Quake, Doom and blood lust

Violent games aren't a problem, says the computer gaming press -- while lovingly hawking the latest innovations in pixelated gore.

May 12, 1999 | I think it was on the "Crusher" level of Doom II that the joy of killing really kicked in for me.

I liked the plasma gun and the BFG, sure. But futuristic weapons seem so abstract, compared to the homey utility of a double-barreled 12-gauge. Aim just right, and you can take down two, three men in the same blast; their chests bloom with blood and gore, and they go down howling. Crack the barrel, chamber two more shells -- backpedaling and dodging all the while, as the survivors converge -- and fire again. Timed just right, it becomes a perfectly choreographed danse macabre (fire, reload, dodge, fire) on a stage you quickly turn into an abattoir.

It's been a while since I last played Quake or Doom. But when the news came out that Littleton killers Eric Harris and Dylan Klebold were devotees of those games, and that their appalling revenge on the world was perhaps shaped in part by playing them, I had to reflect on my own experience with first-person shooters -- and acknowledge that, yes, they very likely did have something to do with it.

I should note here that I'm a lifelong game lover; as a freelance writer, I often review computer games, violent and otherwise. It's necessary to state this, because soon after the media descended on Littleton, Colo., the computer games debate devolved into uninformed, anti-game alarmism on the one hand and overwrought denials from the put-upon gaming/online community on the other. But now, with some distance on the massacre, and on the eve of the annual E3 conference -- the video and computer game industry's premiere showcase -- constructing a more nuanced conversation is possible, I think.

And necessary. Because so far, gamers and their online advocates have largely preferred instead to point the blame elsewhere, anywhere -- peer ostracism, poor parenting, access to guns and so on -- before retrenching behind a carpet bomb of false dichotomies, non sequiturs and inapt reductio ad absurdums. Slashdot columnist Jon Katz, for example, seems to think raw numbers qualify as refutation, arguing: "Tens of millions of kids all over the world play computer games ... Yet violence among this group, never very high, again has been plummeting even as online use has mushroomed." Meanwhile, PC Gamer's deputy editor, Dan Morris, offers up a winningly bizarre counter-argument: "It's a safe bet that almost every person arrested for embezzlement last year had Quicken ... Just as we would never reasonably consider banning Quicken, we cannot reasonably consider banning Quake." (How do you say "argument which seems to get me off the hook" in Latin?)

Few politicians have actually suggested banning violent games.

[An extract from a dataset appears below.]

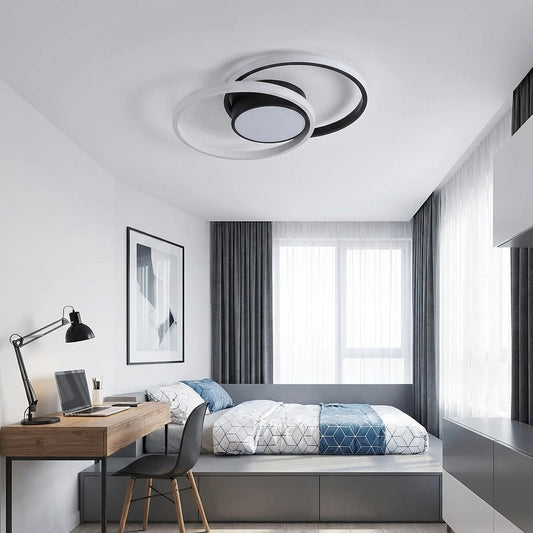 Modern LED ceiling light in white aluminum 6500K for bedroom – Caeluxi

Rather, the most common proposal is merely -- and in relation to First Amendment rights, which must remain inviolate, not unreasonably -- to restrict their sale to minors. Even if most people may play first-person shooters and suffer no antisocial consequences, it doesn't follow that all gamers will remain similarly unaffected -- especially a select number of adolescents already in a problem state. And even if there were more pressing factors involved, that doesn't mean we can't devote any attention to the culpability of first-person shooters.

In the most plausible explanation, voracious sociopathy like Harris' and Klebold's must involve a whole fetid stew of corrosive influences. But the move by gamers to reject, outright, any role for violent first-person shooters is telling -- since they've played these games, and should know better.